* **Exercise requirements**
Without the pictures, reproduce the entries below exactly.

### The input ###

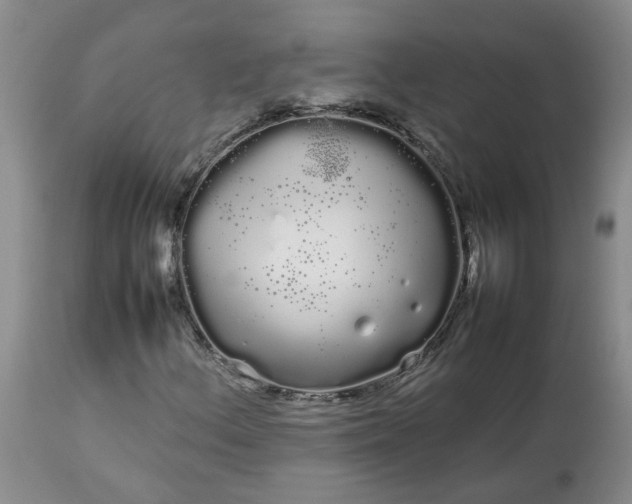 X0000113621156200910021820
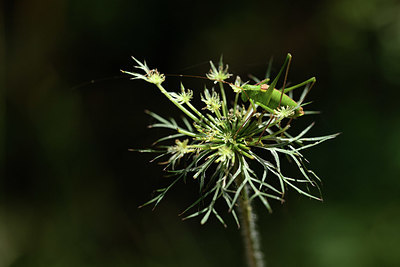 BUITEN BEELD Foto: 385258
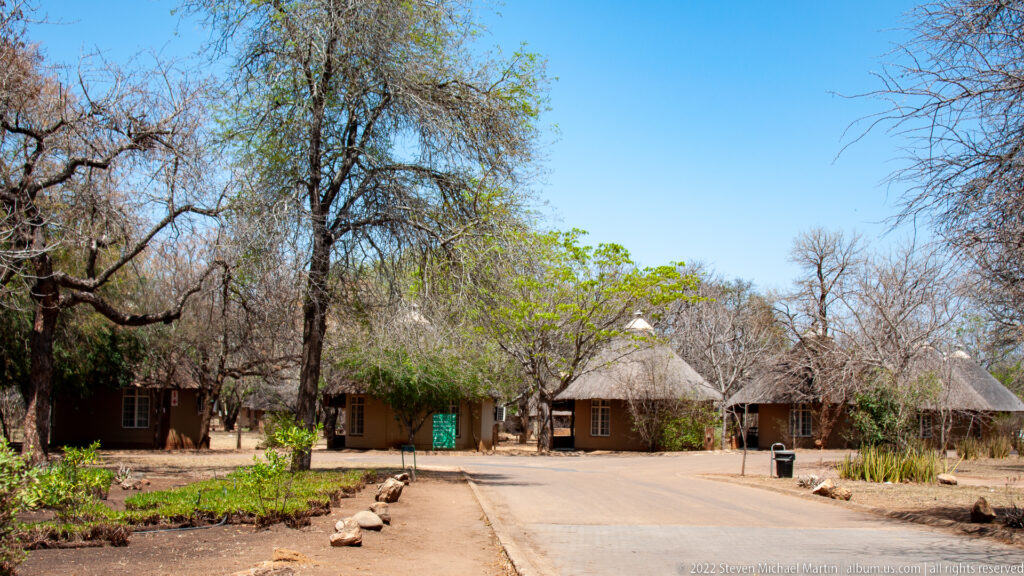 Thatched-roof guest buildings and mature trees line a paved road inside a Kruger National Park camp.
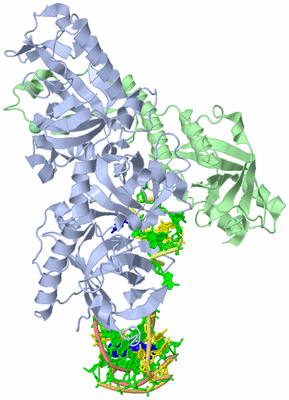 Image Asym./Biol. Unit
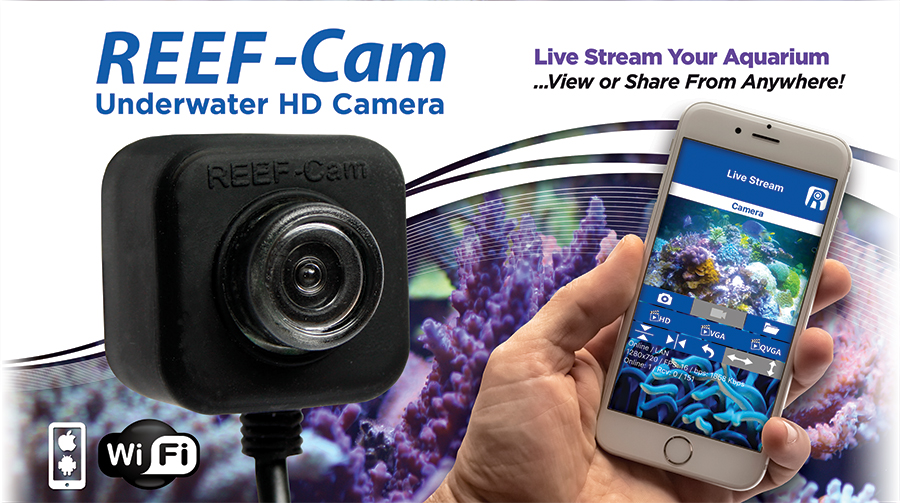 underwater camera aquarium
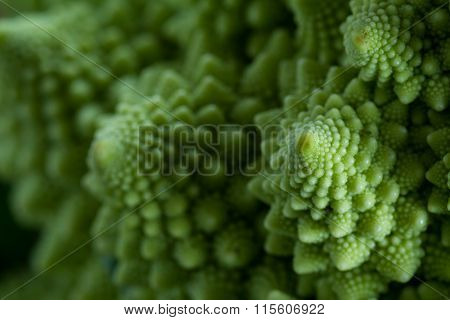 Romanesco Broccoli Close Up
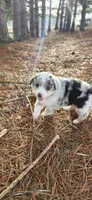 Leo, a male Australian Shepherd for sale in Wytheville, VA – Photo 4 of 4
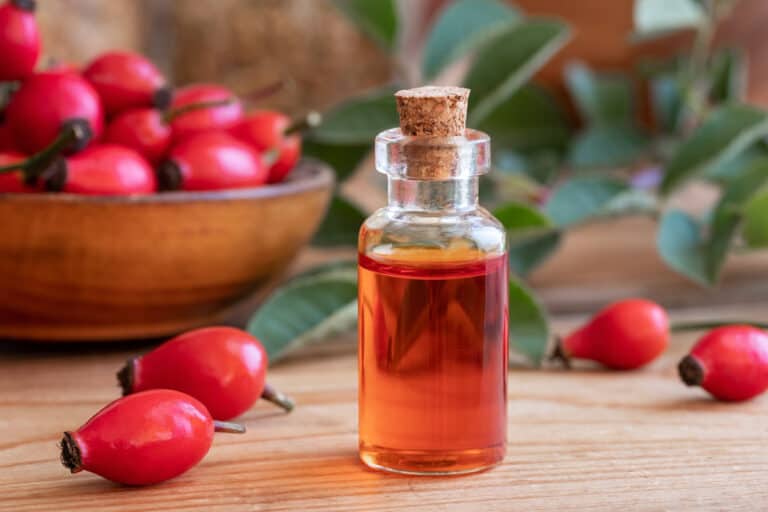 Rosehip Oil Vs Rosehip Seed Oil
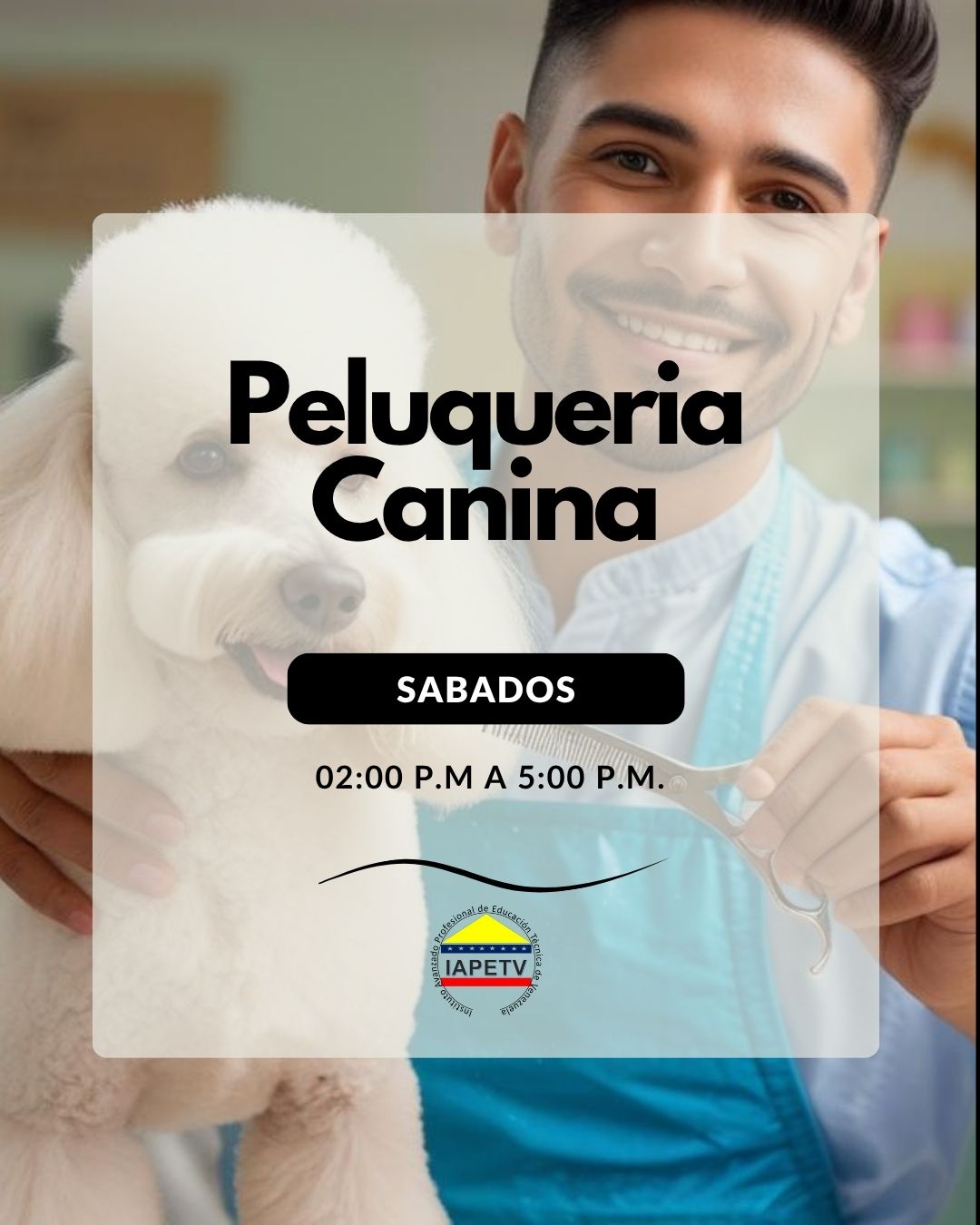 CURSO DE PELUQUERIA CANINA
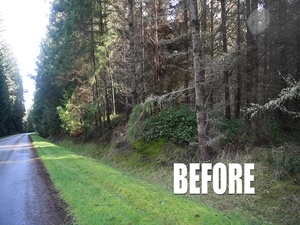 Forestry Management on Navy Bases in the Northwest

###

* **Solved problem**
 X0000113621156200910021820
 BUITEN BEELD Foto: 385258
 Thatched-roof guest buildings and mature trees line a paved road inside a Kruger National Park camp.
 Image Asym./Biol. Unit
 underwater camera aquarium
 Romanesco Broccoli Close Up
 Leo, a male Australian Shepherd for sale in Wytheville, VA – Photo 4 of 4
 Rosehip Oil Vs Rosehip Seed Oil
 CURSO DE PELUQUERIA CANINA
 Forestry Management on Navy Bases in the Northwest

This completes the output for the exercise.